Today Reuters, the world’s largest international multimedia news provider, announced in partnership with Ipsos, one of the world’s leading research firms, the launch of a new interactive presidential election tool called “States of the Nation.” Powered by the largest presidential tracking poll ever attempted, the new tool shows how each of the candidates’ support in the Reuters/Ipsos poll translates at the state level in the Electoral College and how changes in turnout among demographic and political groups could affect the result. Users are able to adjust turnout of different voter groups themselves to see how that could change who wins and who loses the election.
”States of the Nation” is powered by a vastly expanded Reuters/Ipsos poll with a sample size of at least 15,000 Americans per week, making it the largest-ever presidential tracking poll. The data will power the election simulation and Reuters and Ipsos’ projected outcome of the race, continuously updated to reflect the latest voter intent as candidate support waxes and wanes.

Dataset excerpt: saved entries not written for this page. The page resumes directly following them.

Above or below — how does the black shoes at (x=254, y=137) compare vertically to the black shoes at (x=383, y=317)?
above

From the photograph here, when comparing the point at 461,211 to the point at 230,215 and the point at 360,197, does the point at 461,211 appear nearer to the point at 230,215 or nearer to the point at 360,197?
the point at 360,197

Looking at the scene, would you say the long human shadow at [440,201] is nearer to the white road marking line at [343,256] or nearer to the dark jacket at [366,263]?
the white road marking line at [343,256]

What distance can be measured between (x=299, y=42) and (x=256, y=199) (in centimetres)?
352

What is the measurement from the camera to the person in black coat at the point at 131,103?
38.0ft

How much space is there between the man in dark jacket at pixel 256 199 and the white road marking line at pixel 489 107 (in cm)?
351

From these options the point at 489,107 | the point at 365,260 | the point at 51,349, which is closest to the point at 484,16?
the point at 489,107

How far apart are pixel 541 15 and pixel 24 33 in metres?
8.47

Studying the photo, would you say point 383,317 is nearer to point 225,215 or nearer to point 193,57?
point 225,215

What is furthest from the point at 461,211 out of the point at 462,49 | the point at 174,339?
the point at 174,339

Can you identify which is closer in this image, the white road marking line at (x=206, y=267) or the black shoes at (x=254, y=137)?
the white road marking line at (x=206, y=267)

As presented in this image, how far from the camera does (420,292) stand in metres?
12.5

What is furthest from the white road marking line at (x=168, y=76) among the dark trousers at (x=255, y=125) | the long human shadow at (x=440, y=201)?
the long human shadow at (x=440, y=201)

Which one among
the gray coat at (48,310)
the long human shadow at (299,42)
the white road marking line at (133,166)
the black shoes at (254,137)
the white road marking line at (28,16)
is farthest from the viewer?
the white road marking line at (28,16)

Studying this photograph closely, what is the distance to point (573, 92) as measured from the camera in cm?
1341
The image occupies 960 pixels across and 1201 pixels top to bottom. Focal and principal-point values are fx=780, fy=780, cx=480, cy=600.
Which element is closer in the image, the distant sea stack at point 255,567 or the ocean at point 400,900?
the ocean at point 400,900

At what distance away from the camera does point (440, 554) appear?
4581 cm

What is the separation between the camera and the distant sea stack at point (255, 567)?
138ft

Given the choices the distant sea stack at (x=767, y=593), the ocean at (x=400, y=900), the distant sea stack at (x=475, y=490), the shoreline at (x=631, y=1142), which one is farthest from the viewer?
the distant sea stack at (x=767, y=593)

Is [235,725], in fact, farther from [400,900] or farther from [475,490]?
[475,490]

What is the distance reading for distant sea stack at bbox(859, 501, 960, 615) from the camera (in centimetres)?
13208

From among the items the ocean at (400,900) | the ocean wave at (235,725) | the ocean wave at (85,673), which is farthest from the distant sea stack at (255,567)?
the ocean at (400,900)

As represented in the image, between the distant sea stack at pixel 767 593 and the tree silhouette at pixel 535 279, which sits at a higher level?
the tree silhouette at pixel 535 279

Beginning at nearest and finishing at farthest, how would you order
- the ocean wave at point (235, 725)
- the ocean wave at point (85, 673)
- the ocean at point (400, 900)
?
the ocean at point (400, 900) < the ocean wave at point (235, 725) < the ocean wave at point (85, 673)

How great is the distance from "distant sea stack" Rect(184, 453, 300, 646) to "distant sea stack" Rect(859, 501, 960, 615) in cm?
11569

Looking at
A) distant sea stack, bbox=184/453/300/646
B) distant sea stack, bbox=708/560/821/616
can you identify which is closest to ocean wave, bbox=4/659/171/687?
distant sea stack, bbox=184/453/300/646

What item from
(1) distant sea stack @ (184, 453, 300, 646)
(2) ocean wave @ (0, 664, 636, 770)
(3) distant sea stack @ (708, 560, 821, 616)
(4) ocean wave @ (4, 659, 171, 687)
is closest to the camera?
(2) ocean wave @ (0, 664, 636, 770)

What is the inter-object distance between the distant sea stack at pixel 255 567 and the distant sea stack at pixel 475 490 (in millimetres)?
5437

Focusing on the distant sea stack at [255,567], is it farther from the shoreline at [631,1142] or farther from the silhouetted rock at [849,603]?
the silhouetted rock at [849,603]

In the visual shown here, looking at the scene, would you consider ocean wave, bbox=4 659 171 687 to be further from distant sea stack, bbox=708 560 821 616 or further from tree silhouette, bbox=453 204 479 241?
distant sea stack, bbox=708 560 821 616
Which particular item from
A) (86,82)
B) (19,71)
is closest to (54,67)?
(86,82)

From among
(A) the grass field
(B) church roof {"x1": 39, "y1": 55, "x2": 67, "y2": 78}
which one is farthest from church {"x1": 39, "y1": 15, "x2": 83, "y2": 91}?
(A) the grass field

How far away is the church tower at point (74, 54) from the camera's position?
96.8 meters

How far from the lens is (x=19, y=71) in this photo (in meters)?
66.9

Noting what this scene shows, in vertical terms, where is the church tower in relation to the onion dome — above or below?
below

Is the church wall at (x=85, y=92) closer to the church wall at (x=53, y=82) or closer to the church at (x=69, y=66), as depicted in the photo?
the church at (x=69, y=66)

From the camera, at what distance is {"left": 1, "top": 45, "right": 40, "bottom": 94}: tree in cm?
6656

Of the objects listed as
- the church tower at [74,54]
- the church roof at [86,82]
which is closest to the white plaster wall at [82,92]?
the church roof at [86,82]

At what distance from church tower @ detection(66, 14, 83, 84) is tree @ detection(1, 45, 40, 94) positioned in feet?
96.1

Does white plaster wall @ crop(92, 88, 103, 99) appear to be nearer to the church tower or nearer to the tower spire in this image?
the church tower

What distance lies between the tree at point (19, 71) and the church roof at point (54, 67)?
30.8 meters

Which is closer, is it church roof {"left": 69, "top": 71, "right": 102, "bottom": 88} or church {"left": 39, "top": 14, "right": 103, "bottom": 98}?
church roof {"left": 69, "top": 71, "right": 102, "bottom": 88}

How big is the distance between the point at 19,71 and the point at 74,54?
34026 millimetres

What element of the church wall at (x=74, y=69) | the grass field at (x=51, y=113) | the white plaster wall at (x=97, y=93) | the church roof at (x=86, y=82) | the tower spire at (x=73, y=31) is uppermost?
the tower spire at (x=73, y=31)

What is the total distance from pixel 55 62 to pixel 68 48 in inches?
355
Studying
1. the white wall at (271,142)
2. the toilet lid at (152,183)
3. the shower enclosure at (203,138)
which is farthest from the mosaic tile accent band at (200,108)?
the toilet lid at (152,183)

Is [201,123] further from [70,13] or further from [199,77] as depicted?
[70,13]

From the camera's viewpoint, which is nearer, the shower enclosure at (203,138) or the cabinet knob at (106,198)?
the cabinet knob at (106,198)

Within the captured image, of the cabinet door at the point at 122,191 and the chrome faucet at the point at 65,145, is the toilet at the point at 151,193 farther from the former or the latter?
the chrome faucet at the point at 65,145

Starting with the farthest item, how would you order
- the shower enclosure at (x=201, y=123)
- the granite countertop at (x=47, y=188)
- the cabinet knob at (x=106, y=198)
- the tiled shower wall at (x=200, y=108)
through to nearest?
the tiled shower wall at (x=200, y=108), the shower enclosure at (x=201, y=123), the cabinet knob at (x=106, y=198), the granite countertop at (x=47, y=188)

Users are able to adjust the turnout of various demographic and political groups at the ballot box – by sex, race and ethnicity, income range, age and party affiliation – to see how different scenarios could affect the outcome of the race. The simulation can show, for example, how the election would be affected if black men show up in higher than expected numbers while Hispanic women show up in lower numbers, or what the effect would be if millennials or wealthy Republicans stayed home.
“’States of the Nation’ allows anyone – from the most sophisticated social scientists and political junkies to curious laymen – to examine how different groups and demographics can affect the race,” said Reuters editor Mo Tamman, the creator of the project. “Come November, it all comes down to turnout, and with such a huge amount of data driving our projection, we’re able to offer a more informed and nuanced understanding of how changes in turnout can drive profound shifts at the ballot box. We believe this is a substantive addition to the campaign-coverage landscape but is also a tool that users will find useful, entertaining and perhaps even edifying.”
“What we have attempted here is completely unprecedented in the world of polling and public opinion research, both from a data capture and transparency perspective” said Ipsos Public Affairs President Cliff Young, architect of the polling methodology and analytics. “We are ‘opening up the black box’ and empowering people to make the same types of tradeoffs and decisions that pollsters make every day. Elections are won and lost on turnout, and our tool means that people can explore how their own turnout scenarios would play out on Election Day.”